● Work order
Among the entries below, which lines include the string "Sleeveless"? Show each one.
*** Information provided Section Begins ***
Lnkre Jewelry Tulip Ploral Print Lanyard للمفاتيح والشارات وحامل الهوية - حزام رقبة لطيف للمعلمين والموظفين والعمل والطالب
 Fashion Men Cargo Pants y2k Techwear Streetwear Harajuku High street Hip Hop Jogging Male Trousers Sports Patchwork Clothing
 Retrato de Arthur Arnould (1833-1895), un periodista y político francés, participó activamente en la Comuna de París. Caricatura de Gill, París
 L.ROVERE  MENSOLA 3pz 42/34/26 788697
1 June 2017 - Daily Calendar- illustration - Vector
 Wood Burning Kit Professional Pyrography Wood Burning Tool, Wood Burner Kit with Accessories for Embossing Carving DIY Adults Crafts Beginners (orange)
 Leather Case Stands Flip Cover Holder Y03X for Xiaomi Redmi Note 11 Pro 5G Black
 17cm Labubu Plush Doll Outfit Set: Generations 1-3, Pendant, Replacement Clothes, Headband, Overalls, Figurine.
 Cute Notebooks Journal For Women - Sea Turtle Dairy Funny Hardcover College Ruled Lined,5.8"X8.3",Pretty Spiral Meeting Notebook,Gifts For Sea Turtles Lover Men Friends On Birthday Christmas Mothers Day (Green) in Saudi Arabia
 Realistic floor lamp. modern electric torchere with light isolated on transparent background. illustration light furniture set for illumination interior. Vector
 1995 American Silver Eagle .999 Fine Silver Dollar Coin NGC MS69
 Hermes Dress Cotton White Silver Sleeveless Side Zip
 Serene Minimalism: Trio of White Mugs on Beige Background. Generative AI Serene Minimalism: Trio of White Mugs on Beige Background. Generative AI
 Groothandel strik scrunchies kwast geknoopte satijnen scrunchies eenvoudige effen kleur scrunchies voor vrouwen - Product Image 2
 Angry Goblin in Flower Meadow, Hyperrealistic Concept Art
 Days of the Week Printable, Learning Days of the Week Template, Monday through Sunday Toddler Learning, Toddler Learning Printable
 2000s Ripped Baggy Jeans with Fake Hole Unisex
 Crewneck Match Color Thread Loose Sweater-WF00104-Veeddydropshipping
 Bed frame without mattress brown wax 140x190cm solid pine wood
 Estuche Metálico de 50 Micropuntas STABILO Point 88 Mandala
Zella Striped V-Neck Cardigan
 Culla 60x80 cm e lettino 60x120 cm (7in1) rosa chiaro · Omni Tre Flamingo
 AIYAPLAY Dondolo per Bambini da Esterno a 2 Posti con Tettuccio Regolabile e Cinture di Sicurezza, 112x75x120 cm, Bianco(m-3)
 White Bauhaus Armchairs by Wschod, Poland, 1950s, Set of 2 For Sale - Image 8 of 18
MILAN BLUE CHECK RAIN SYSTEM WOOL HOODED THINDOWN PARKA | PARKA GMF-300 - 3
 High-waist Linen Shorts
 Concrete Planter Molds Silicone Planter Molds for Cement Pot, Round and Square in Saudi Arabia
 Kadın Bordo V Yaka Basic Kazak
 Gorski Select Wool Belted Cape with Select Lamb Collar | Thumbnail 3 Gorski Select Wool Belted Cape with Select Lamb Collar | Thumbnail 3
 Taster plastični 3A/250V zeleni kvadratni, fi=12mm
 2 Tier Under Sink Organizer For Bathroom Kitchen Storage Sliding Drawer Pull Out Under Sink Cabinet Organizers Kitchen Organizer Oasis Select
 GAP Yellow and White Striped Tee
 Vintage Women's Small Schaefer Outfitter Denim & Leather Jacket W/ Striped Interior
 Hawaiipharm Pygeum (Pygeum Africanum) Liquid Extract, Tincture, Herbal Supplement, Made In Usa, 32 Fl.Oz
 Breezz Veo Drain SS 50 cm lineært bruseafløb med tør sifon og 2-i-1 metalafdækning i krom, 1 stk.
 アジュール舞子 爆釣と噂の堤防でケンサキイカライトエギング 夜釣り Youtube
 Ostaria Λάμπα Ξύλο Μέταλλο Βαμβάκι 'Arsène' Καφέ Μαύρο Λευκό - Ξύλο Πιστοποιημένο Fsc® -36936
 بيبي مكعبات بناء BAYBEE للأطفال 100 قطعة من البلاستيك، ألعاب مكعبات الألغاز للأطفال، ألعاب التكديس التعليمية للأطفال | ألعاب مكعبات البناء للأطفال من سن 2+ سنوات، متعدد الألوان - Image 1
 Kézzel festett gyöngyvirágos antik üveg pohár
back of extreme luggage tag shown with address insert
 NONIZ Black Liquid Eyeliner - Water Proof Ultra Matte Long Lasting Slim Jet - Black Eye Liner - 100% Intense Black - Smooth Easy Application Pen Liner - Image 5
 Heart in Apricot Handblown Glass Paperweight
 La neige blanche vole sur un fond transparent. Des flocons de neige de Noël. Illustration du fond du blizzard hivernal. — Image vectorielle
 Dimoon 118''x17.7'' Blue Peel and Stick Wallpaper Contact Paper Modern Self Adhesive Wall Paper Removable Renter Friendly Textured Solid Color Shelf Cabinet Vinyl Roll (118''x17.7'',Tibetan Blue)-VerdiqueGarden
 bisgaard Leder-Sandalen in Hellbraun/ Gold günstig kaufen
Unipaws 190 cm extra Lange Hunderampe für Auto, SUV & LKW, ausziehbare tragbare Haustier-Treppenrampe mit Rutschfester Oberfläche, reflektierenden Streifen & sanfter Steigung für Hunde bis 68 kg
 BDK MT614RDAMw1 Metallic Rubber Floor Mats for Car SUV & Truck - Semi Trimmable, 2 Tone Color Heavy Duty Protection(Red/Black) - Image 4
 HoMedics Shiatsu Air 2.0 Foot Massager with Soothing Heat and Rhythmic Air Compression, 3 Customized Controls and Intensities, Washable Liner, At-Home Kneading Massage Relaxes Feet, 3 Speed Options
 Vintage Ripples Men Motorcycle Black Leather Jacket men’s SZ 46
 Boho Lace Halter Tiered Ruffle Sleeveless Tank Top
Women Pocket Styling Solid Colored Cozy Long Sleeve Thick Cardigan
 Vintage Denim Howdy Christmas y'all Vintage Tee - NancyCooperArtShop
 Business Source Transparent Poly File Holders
*** Information provided Section Ends ***
● Task result
 Hermes Dress Cotton White Silver Sleeveless Side Zip
 Boho Lace Halter Tiered Ruffle Sleeveless Tank Top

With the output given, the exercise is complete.